Crítica: Pecadores
Sinners, EUA, 2025
Trailer · Letterboxd · IMDB · RottenTomatoes
★★★★★
Enquanto o recente Nosferatu inovou muito mais na forma do que no conteúdo para costurar uma trama sobre vampiros, Pecadores inova em todos os aspectos possíveis. Mesmo se passando ao longo de meras 24h, o filme pode ser considerado um épico que atravessa o tempo e o espaço para contar uma história sobre música, sexo, cultura, opressão e resiliência. Aqui, os vampiros representam apenas mais um problema com o qual a comunidade afro-americana precisa lidar. Se eles não aparecessem, outros problemas já estavam esperando.
Muito antes da chegada dos vampiros, o diretor Ryan Coogler garante que o espectador fique imerso na Mississippi de 1932, na qual o filme é ambientado. Durante praticamente metade do tempo de projeção, nós acompanhamos os gêmeos Smoke e Stack Moore (Michael B. Jordan) enquanto eles passam o sábado percorrendo a zona rural da região. Com a ajuda do primo Sammie (Miles Caton), eles vão coletando as pessoas que vão participar da inauguração de uma casa de música e dança ainda naquela noite.
Essa longa introdução já poderia ser a atração principal de Pecadores. A Mississippi mostrada aqui ainda é a Mississippi da lei seca, das leis de segregação racial e da Grande Depressão. Nela, a população afro-americana trabalha principalmente nas plantações de algodão. Parte do pagamento dos trabalhadores é feito com moedas locais emitidas pelos fazendeiros ou pelas pequenas cidades, já que um dos aspectos daquela crise econômica foi a escassez do papel moeda.
O principal entretenimento que parte da população possui são as chamadas juke joints da região do Delta do Mississippi, que são pequenas boates naquela vasta zona rural. A região é considerada o local de nascimento da música blues, com seu exemplar mais antigo sendo o delta blues. Esse estilo daria origem tanto ao R&B quanto ao Chicago blues, e eventualmente resultaria no rock’n’roll.

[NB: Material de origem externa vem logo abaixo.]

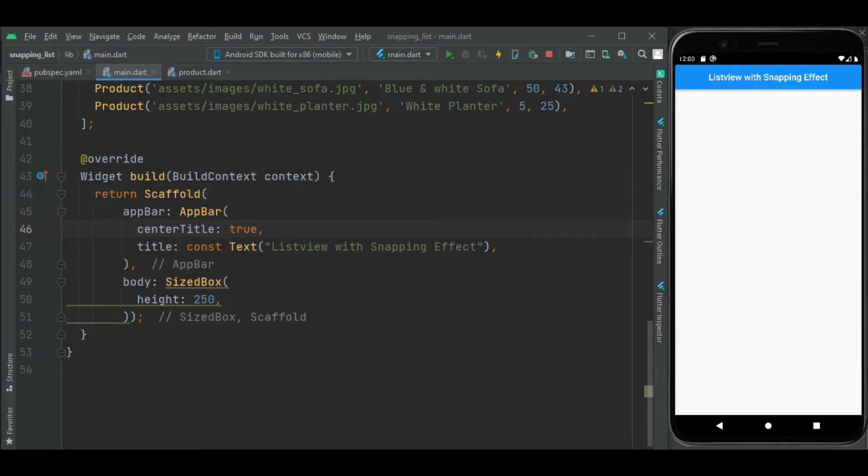Hey guys, welcome to effortless code learning. I hope you are doing well. In this video let's learn how to add snapping effect in horizontal and vertical list view. So make sure to watch the video till the end.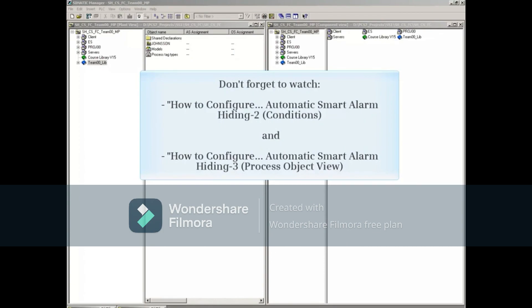Don't forget to watch How to Configure Automatic Smart Alarm Hiding Part 2, Conditions, and Part 3, Process Object View.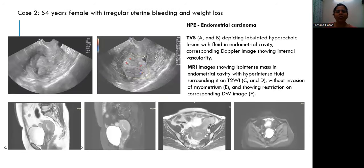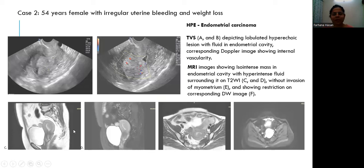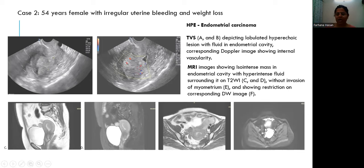A 44-year-old woman with irregular bleeding and weight loss. On TDS we get a lobulated hyperechoic lesion with fluid in the endometrial cavity, with corresponding Doppler image showing internal vascularity. On MRI, it shows an iso-intense mass in the endometrial cavity with hyperintense fluid surrounding it on T2, without invasion of the myometrium and showing restriction on DWI. Endometrial carcinoma was confirmed on histopathological examination.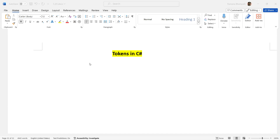For example, keywords, identifiers, operators, etc. are all known as tokens in C#. Keywords are reserved words predefined by the .NET framework. These keywords cannot be used as identifiers or as names for classes, functions, or procedures. If you want to use a keyword as an identifier name, you may prefix it with the '@' character. An identifier is a name used to identify a class, variable, function, or any other user-defined type.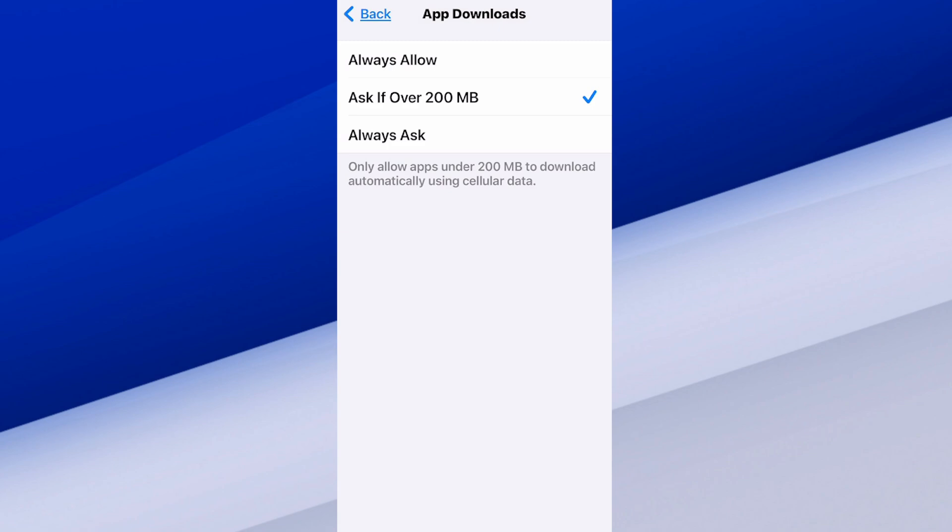But if it's like Call of Duty or something where it's like one gigabyte or something, well, you're going to have to select yes or no.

É por isso que Coogler utiliza uma cena central de Pecadores para traçar a relação entre os pioneiros do blues tocando nas juke joints das zonas rurais do Sul Profundo e o passado e o futuro de inúmeras culturas musicais. É uma viagem musical que passa pelos tambores ancestrais da África, pelas guitarras distorcidas dos “deuses do rock” e pelas pick-ups dos DJs que dariam origem à cultura Hip Hop nas “quebradas” de Nova York.
E Coogler faz isso sem ter que diminuir a importância de nenhuma outra cultura, reservando espaço para manifestações culturais asiáticas, indígenas e europeias ao longo dessa jornada de música e terror. No lore do filme, a música tem o poder de invocar espíritos do passado e do futuro, de qualquer parte do mundo. É em busca desse poder que o vampiro irlandês Remmick (Jack O’Connell) chega na juke joint dos gêmeos Smoke e Stack.
Até esse ponto, Pecadores poderia ser uma mistura de faroeste com filme de máfia, nos moldes de exemplares como Os Infratores ou Assassinos da Lua das Flores. Porém, Coogler prefere ir em uma rota sobrenatural que aproxima o filme de novos clássicos como Um Drink no Inferno e 30 Dias de Noite, além de lembrar em muitos aspectos a ótima minissérie Lovecraft Country.
Depois de abordar inúmeros temas com ousadia e originalidade, a trama quase cai na previsibilidade quando os vampiros ficam em evidência e os personagens começam a falar em estacas de madeira, essências de alho e armas de prata. Porém, além de resultar em ótimas cenas de ação, os vampiros dão a Coogler a oportunidade de ir mais fundo em temas como lealdade e religiosidade. Em determinado ponto, Remmick oferece aos personagens um tipo de salvação que nenhuma outra religião ou instituição jamais puderam oferecer àquela comunidade.
Diante de tudo isso, Pecadores pode ser considerado um filme de blues, um filme de vampiros e uma celebração da cultura afro-americana nos Estados Unidos da América. Com atuações hipnotizantes de Michael B. Jordan, Wunmi Mosaku, Delroy Lindo e Hailee Steinfeld, a produção oferece uma experiência tão intensa quanto reflexiva sobre o passado e o futuro de uma população marcada por um dos piores crimes já cometidos contra a humanidade.
Ao fim, a trama também é uma celebração da liberdade, ainda que ela só possa ser desfrutada durante breves momentos, até os racistas e os escravizadores atacarem novamente.